Think of this as a version of Howard Zinn’s landmark 1980 publication A People’s History of the United States. Like Zinn’s book, this doco gives voice to the forgotten people, the ones forcibly removed both from the pages of history and from the land (in the case of one confused Fijian/Indian girl in the ‘70s) by that old paragon of British Imperialism, the White Australia Policy. Long before anyone here had slurped a pho, gorged a pizza or regretted a kebab our Prime Minister, Billy Hughes, could be found lecturing world leaders at the 1919 Paris Peace Conference that no way would he support a racial equality clause and fat bloody chance he’d let any of those wily Japanese past our borders. Nearly a century later, politicians at the highest level seem to be reading from the same noxious script.
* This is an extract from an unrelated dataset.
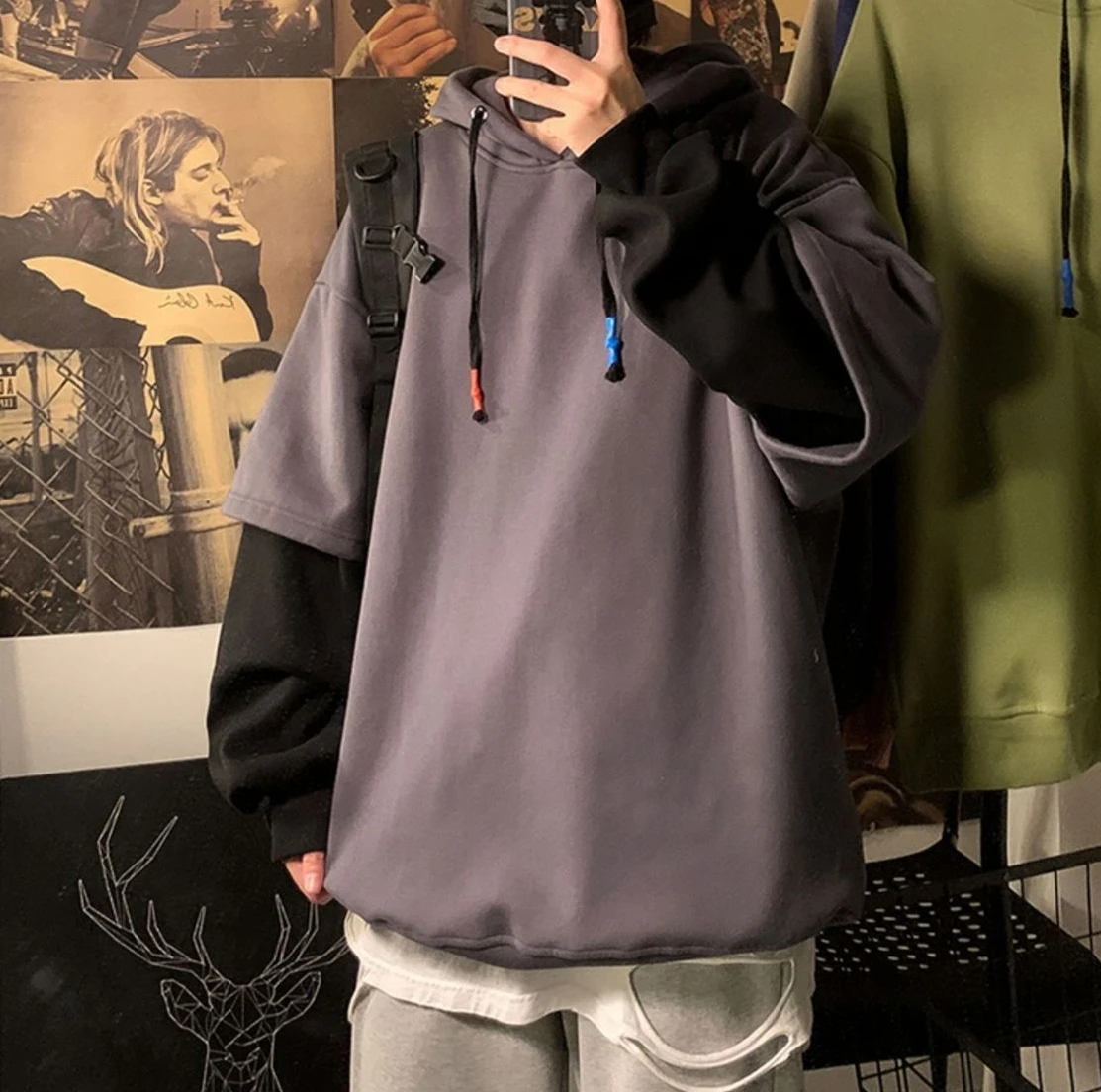 Hooded Sweatshirts for Man Black Hoodies Hip Hop Men's Clothing Sweat Shirt No Brand Funny Loose Overfit Streetwear Simple Cheap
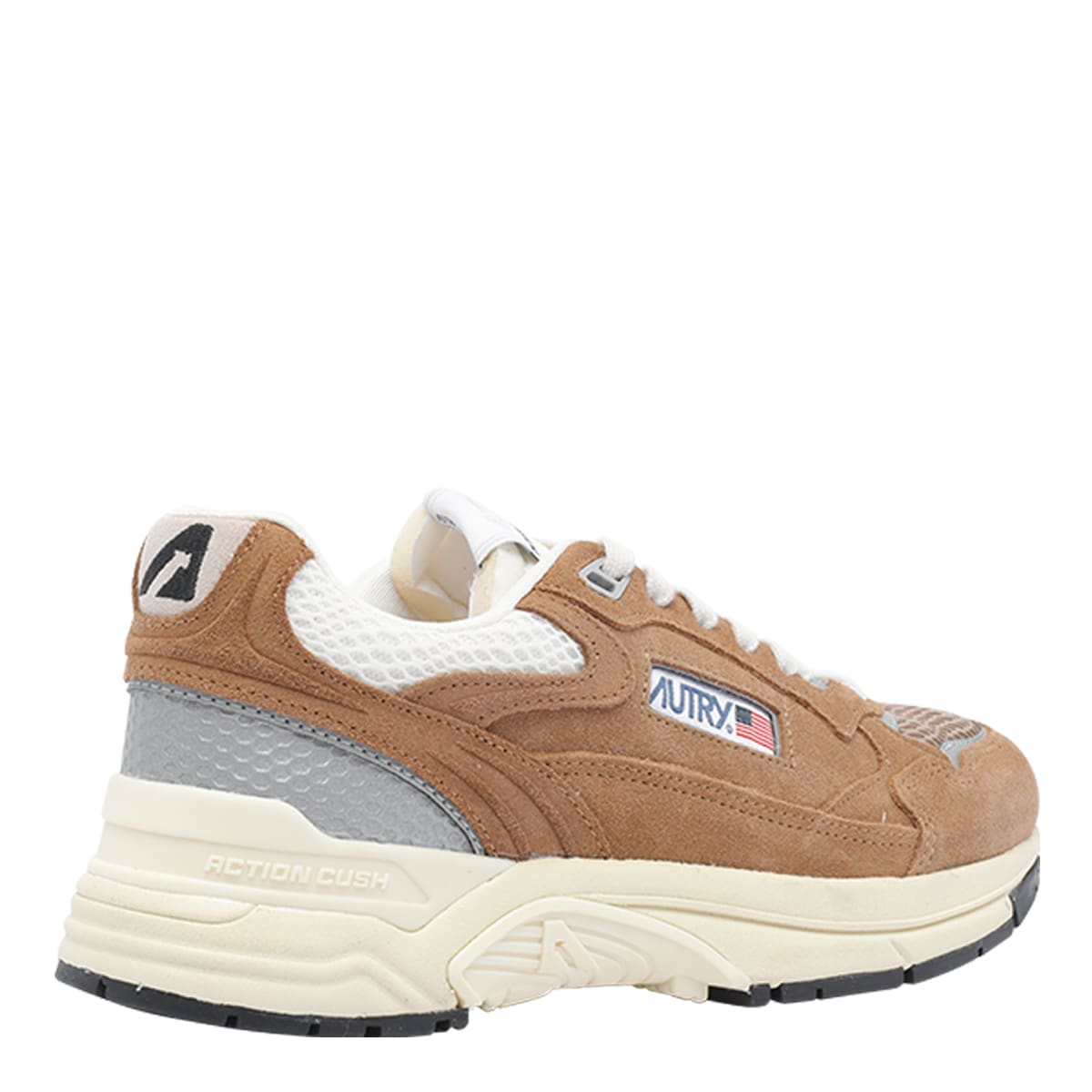 Autry Hyperway Sneakers In Cigar And Silver Mesh And Suede In Brown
For three quarters of a century, it was an immigration policy supported by both sides of politics that doggedly strived to ensure Australia remained as homogonous as possible. The land of opportunity… So long as you were white. A few rabble-rousers (Charles Perkins) attacked the edifice, but the institutional strength of ‘white’ Australia was near indomitable. Yet cracks were appearing. Menzies tried to stem the flow with the Colombo Plan, the first mass advertising campaign promoting Australia as a great, not really racist country. It failed. Whitlam said he cared, but the figures and facts suggest otherwise. It was Fraser who reversed the rot and welcomed thousands of fleeing Vietnamese. One of the reasons he is hated by the new generation of conservatives. Says it all really.
But history is contestable. And there are large swathes of our populace longing for days of yore; a mythical place that never even existed, as Immigration Nation makes so plainly clear. Riveting, angry and essential stuff.